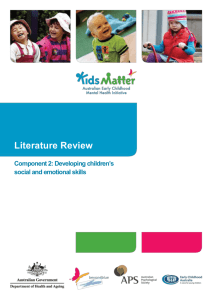 KidsMatter Early Childhood Component 2 Literature Review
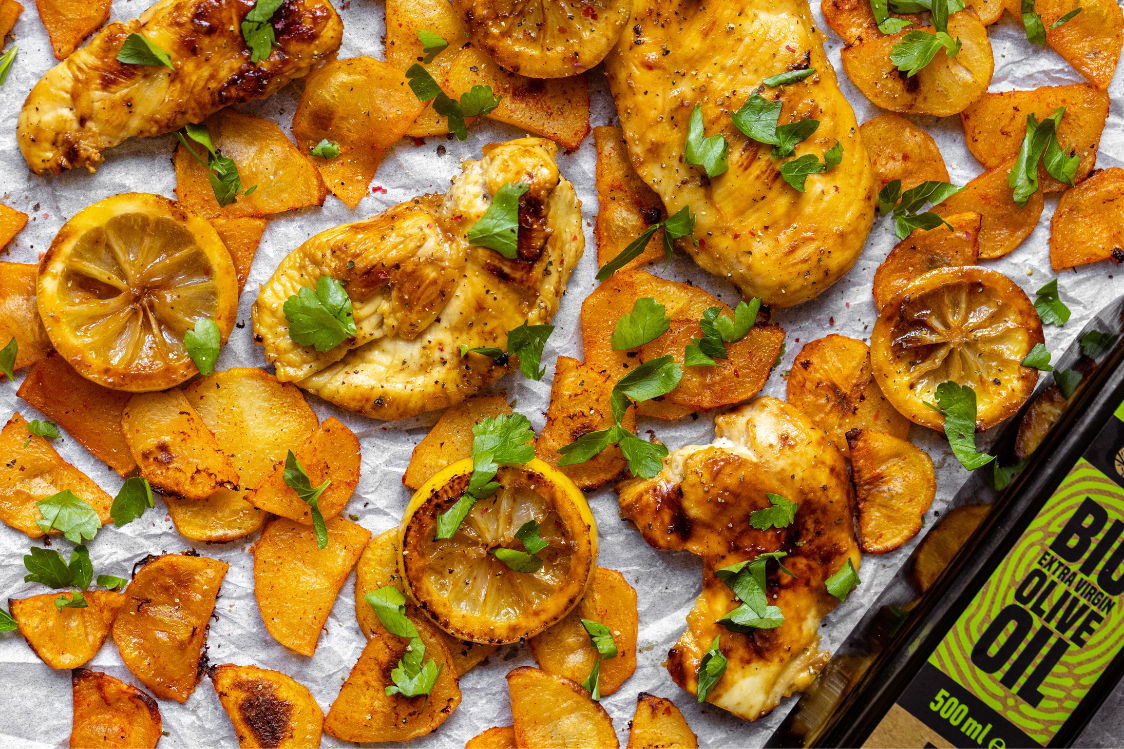 Pečena piletina s medom i limunom s krumpirima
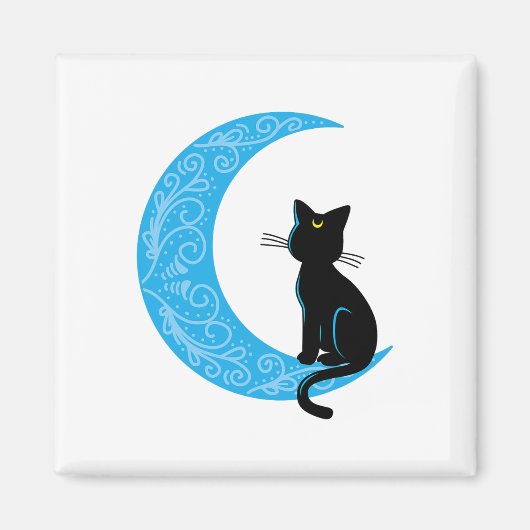 黒猫三日月セーラーママ マグネット (正面)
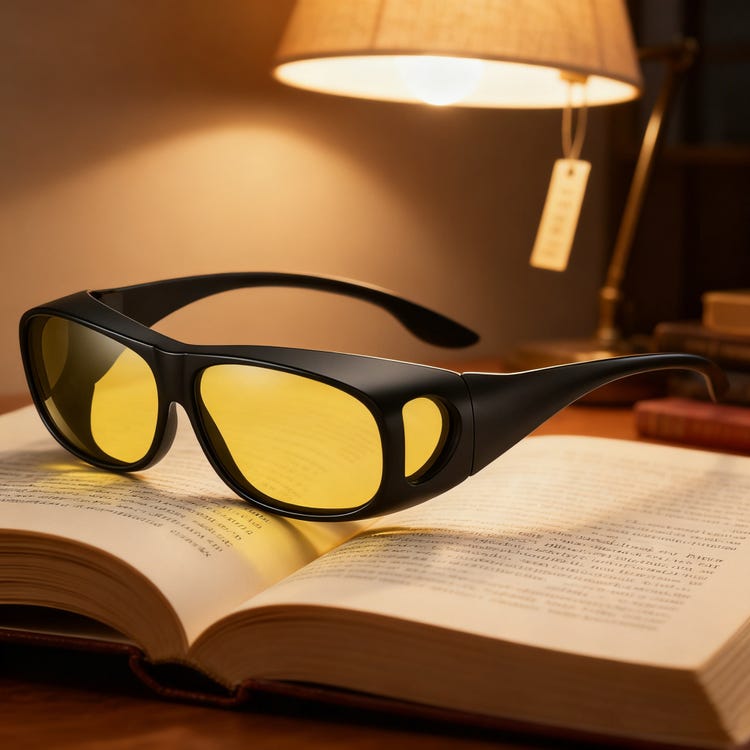 Lunettes de conduite de nuit sur lunettes, verres jaunes anti-reflet UV400, design enveloppant pour hommes et femmes, vision claire et sécurité accrue - 8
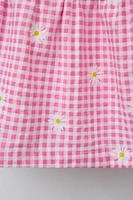 ROBE À CARREAUX VICHY FLEURS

Directions
Give back the data exactly, with no images.

Task output
 KidsMatter Early Childhood Component 2 Literature Review
 Pečena piletina s medom i limunom s krumpirima
 黒猫三日月セーラーママ マグネット (正面)
 Lunettes de conduite de nuit sur lunettes, verres jaunes anti-reflet UV400, design enveloppant pour hommes et femmes, vision claire et sécurité accrue - 8
 ROBE À CARREAUX VICHY FLEURS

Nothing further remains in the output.